The New York Times has an article discussing some of the complex mechanics being considered in scientists’ review of the record low ice coverage in the Arctic this summer:
Now the six-month dark season has returned to the North Pole. In the deepening chill, new ice is already spreading over vast stretches of the Arctic Ocean. Astonished by the summer’s changes, scientists are studying the forces that exposed one million square miles of open water — six Californias — beyond the average since satellites started measurements in 1979.[...]
Complicating the picture, the striking Arctic change was as much a result of ice moving as melting, many say. A new study, led by Son Nghiem at NASA’s Jet Propulsion Laboratory and appearing this week in Geophysical Research Letters, used satellites and buoys to show that winds since 2000 had pushed huge amounts of thick old ice out of the Arctic basin past Greenland.
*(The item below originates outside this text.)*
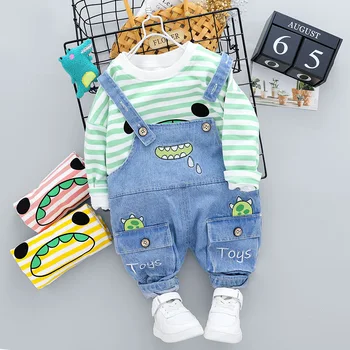

2020 Autumn New 2020 bornInfant Clothing Sets Baby Girls Boys Clothes Stripe T Shirt Cartoon Denim Overalls Kids Costume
The thin floes that formed on the resulting open water melted quicker or could be shuffled together by winds and similarly expelled, the authors said.
The article goes on from there, including providing a taste in the complex interrelationships of how warmer temperatures affect ice melt, and how wind blowing “old ice” out of the Arctic gyre causes thinner, easier-to-melt new ice to form next winter, which aggravates the problem.
It’s somewhat ominous to think about…but also for those of us who like observing complex systems and models…it is fascinating as well.